I am at my office and don't have my book with me, but isn't the word "divorce" used in the description of the scene where Lily offers to release Crosbie? If an actual marital divorce was a huge social taboo at the time -- and I believe it was -- then the use of the word "divorce" in the context of this scene seems to illuminate and clarify Lily's attitude about being able to give herself to another man. Also we can see what a huge sacrifice she was prepared to make.

Catherine

From: Dagny
Reply-To: trollope-l@egroups.com
Subject: [trollope-l] The Small House: Lily's attitude

Sig wrote:

"Lily has gone as far as a girl of her upbringing and class can go. Whatever that mean to us, I am not sure. But I am sure that it meant to Lily that she was now soiled forever and unfit to go to the marriage bed of another man. . . . But I suspect it made absolute sense to Lily and possibly to Trollope's original readers."

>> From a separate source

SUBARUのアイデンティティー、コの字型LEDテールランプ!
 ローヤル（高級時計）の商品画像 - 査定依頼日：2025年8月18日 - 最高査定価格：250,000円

Yes, I agree with you Sig. The attitudes at the time the novel were written were considerably different than our attitudes of today. As someone mentioned even passionate kissing (maybe even chaste kissing for all I know) was considered quite risque and virtually constituted a promise of sorts.

Catherine wrote:

"If an actual marital divorce was a huge social taboo at the time -- and I believe it was -- then the use of the word "divorce" in the context of this scene seems to illuminate and clarify Lily's attitude about being able to give herself to another man. Also we can see what a huge sacrifice she was prepared to make."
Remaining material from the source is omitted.